== DATASET CONTENT

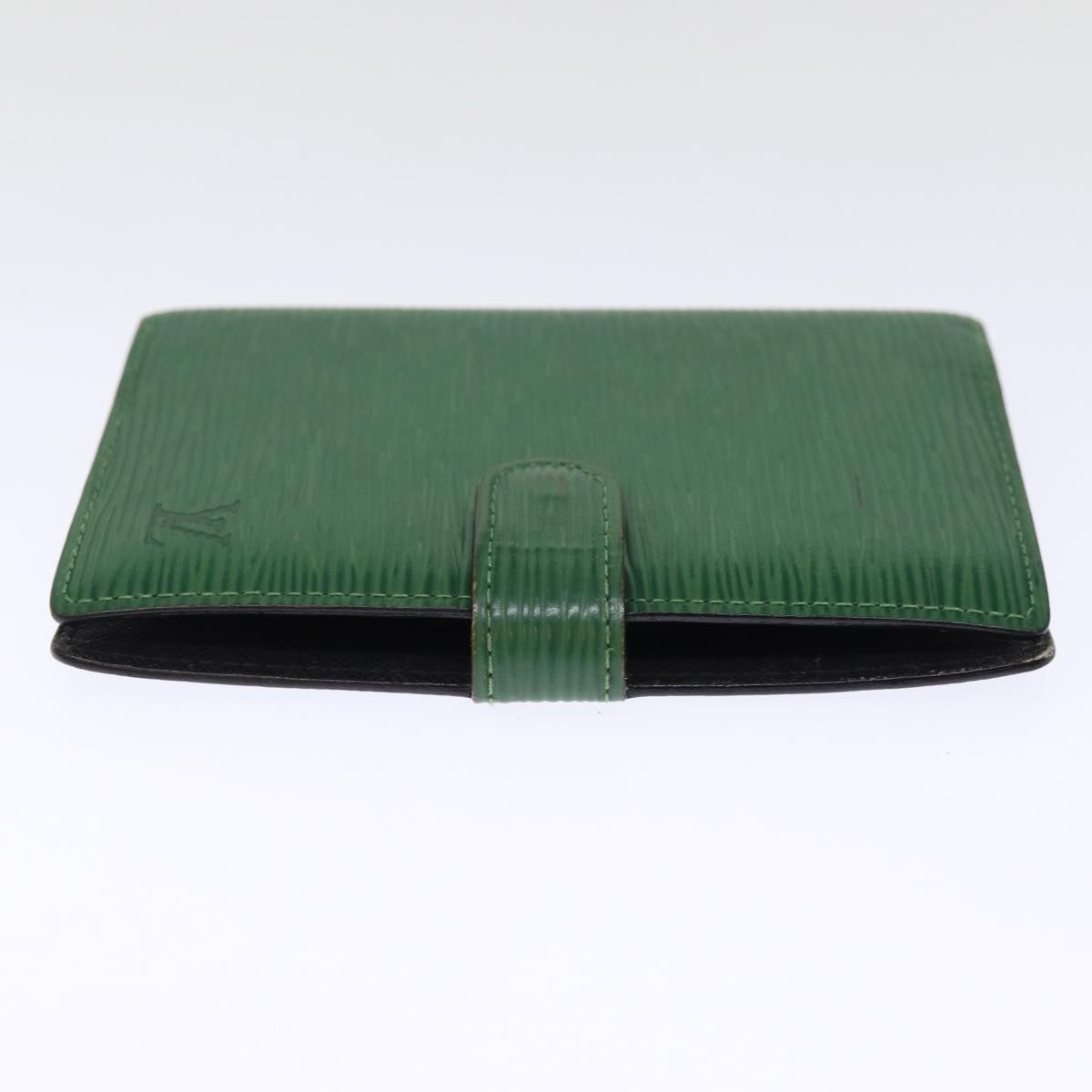 LOUIS VUITTON Epi Agenda PM Day Planner Cover Green R20054 LV 74420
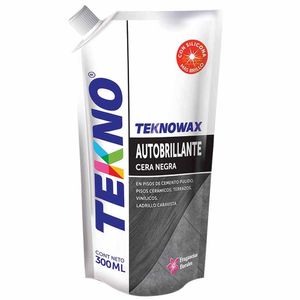 Cera líquida autobrillante TEKNO Negra Doypack 330Ml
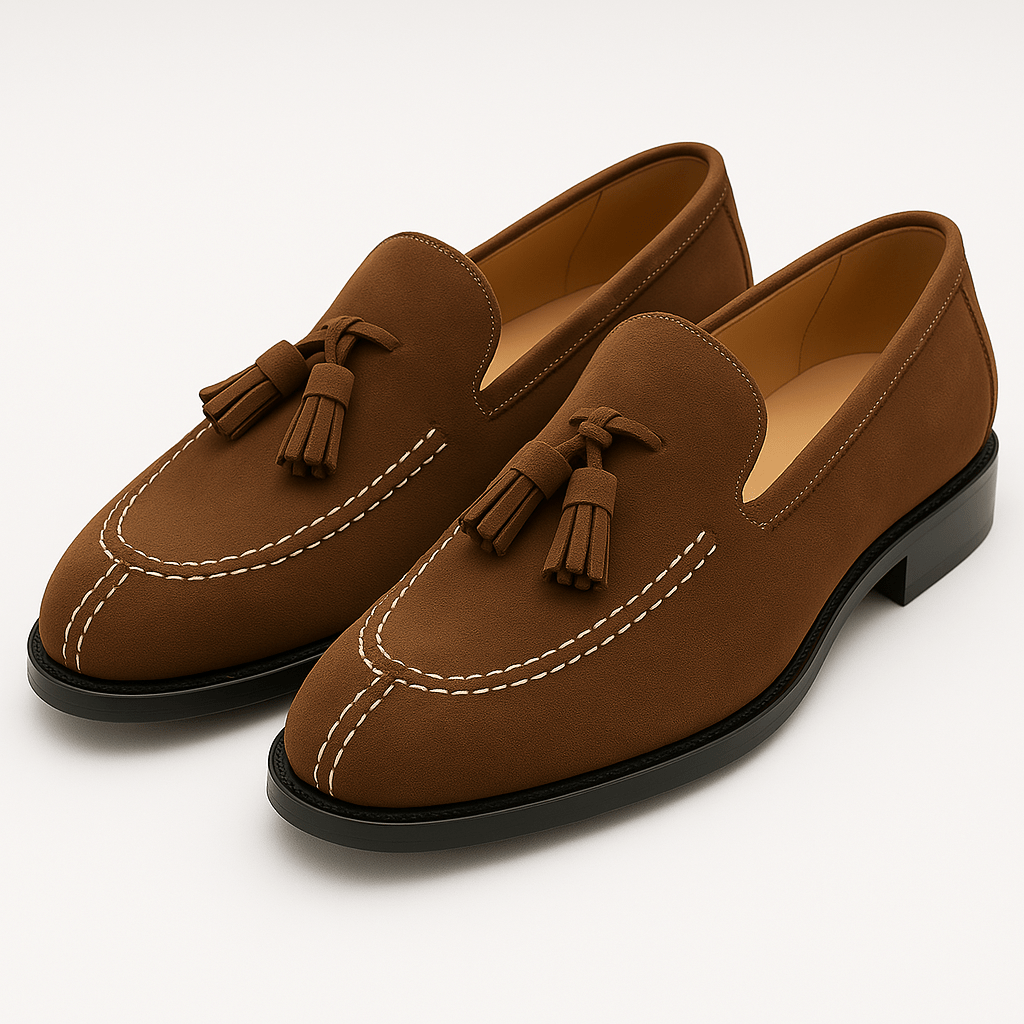 BerlinGlamour | Loafers met kwastjes van zacht leer 5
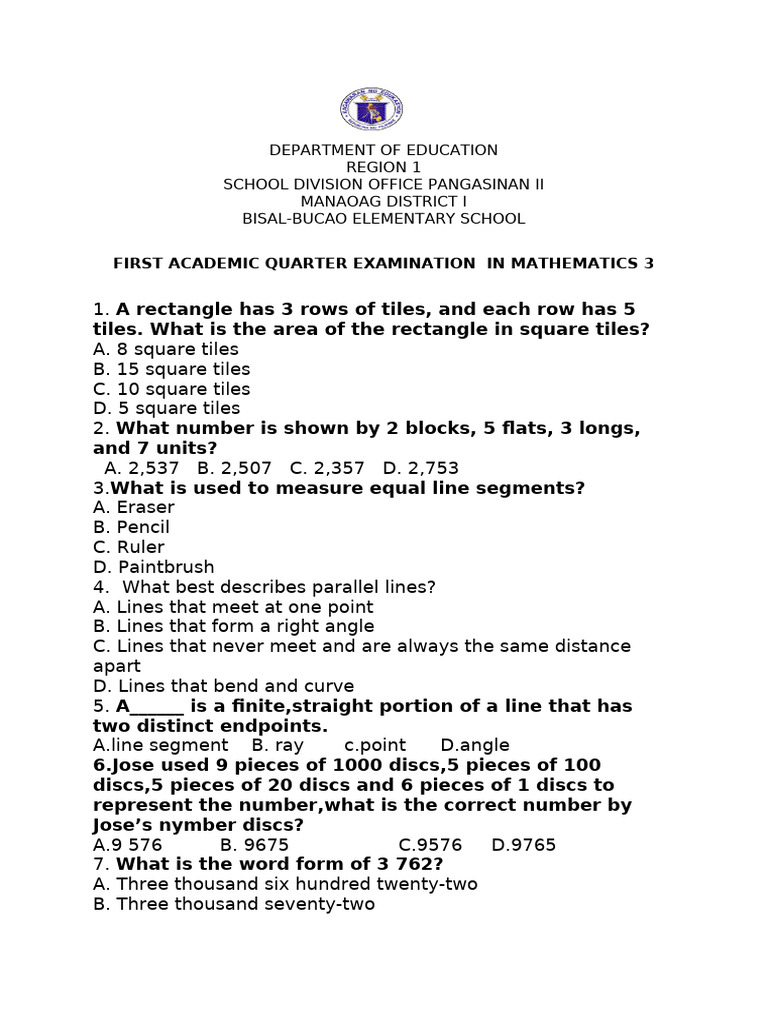 Math 3 Periodical Test 2025-2026 | PDF | Geometry | Euclidean Geometry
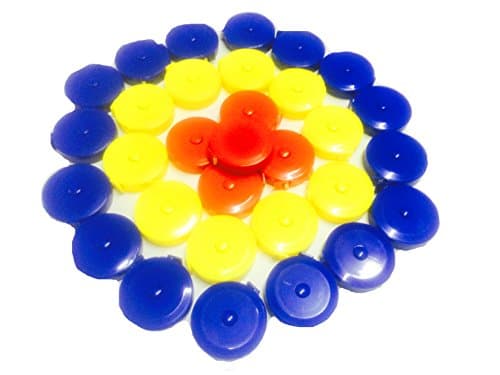 Cute 60 Inch/1.5 Meter Soft Roll Tape Measuring Retractable Tape Measures Pack Bulk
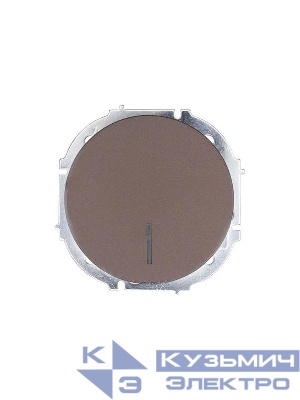 Выключатель 1-кл. СП OSEN 10А IP20 с подсветкой механизм шоколад LEZARD 743-7388-111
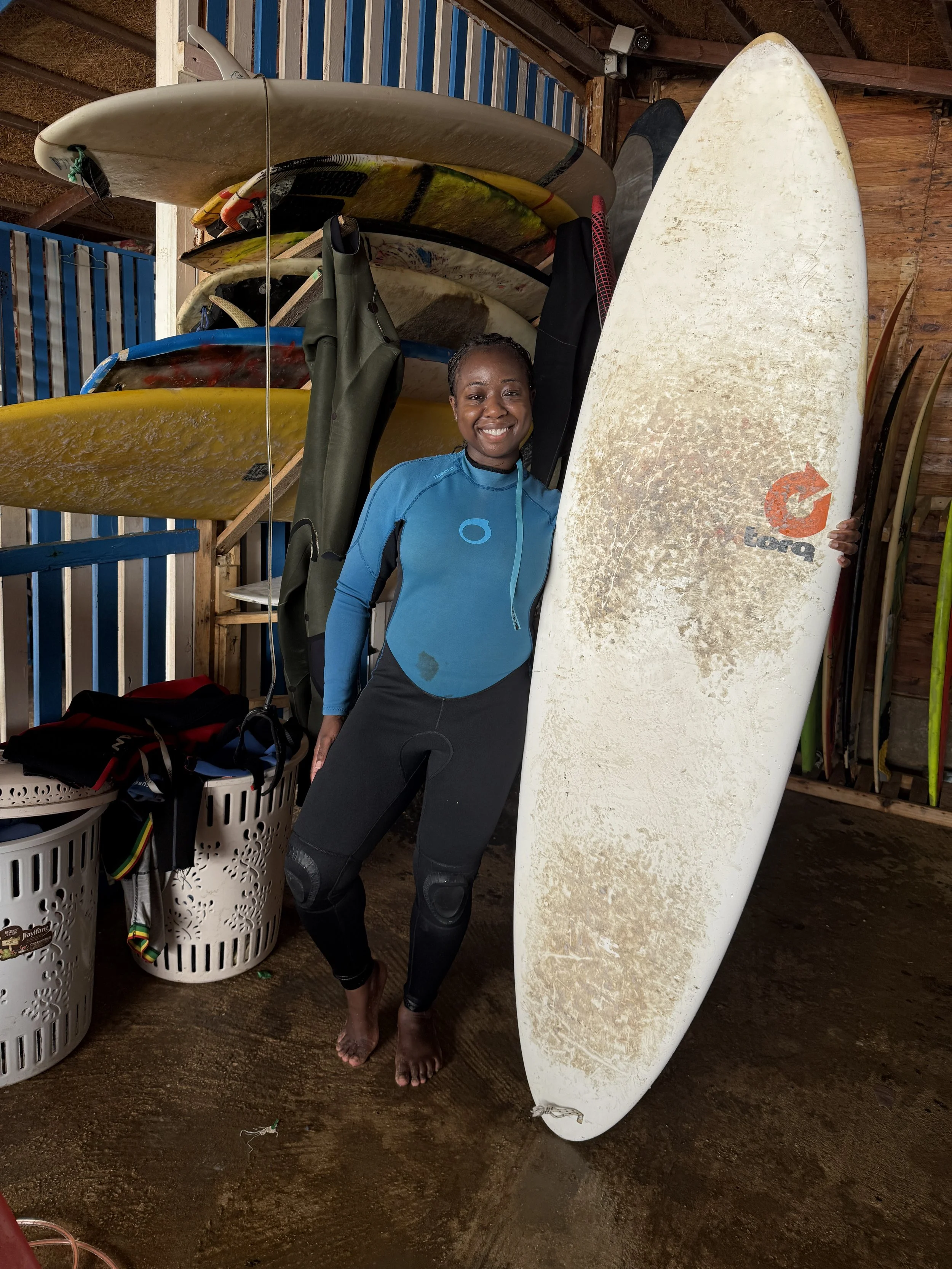 Surf lessons at Copacabana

====

* ABOUT THIS TASK
Every entry must be written out exactly, with all pictures left out.

* WRITTEN RESPONSE
 LOUIS VUITTON Epi Agenda PM Day Planner Cover Green R20054 LV 74420
 Cera líquida autobrillante TEKNO Negra Doypack 330Ml
 BerlinGlamour | Loafers met kwastjes van zacht leer 5
 Math 3 Periodical Test 2025-2026 | PDF | Geometry | Euclidean Geometry
 Cute 60 Inch/1.5 Meter Soft Roll Tape Measuring Retractable Tape Measures Pack Bulk
 Выключатель 1-кл. СП OSEN 10А IP20 с подсветкой механизм шоколад LEZARD 743-7388-111
 Surf lessons at Copacabana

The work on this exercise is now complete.